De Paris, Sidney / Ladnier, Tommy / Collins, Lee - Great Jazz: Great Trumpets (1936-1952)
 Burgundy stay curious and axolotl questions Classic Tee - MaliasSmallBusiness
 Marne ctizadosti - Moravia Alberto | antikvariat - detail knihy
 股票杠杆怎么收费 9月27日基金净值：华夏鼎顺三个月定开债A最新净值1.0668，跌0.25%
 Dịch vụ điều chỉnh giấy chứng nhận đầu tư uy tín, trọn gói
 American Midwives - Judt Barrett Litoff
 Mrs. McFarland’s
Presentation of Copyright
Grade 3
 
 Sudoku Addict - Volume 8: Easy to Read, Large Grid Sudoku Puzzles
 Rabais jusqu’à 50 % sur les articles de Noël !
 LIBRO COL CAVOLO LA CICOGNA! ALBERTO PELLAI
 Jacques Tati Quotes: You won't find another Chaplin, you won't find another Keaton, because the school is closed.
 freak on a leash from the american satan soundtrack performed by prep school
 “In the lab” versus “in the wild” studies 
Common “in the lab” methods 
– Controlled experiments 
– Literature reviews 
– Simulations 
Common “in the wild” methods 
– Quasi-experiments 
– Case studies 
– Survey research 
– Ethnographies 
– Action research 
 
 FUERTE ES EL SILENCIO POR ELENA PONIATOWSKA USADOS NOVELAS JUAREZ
○ ○ ○ ○ ○
[Problem] Line count for "methods": count the lines in the records above that contain this word, and write only the number.

[Task output] 2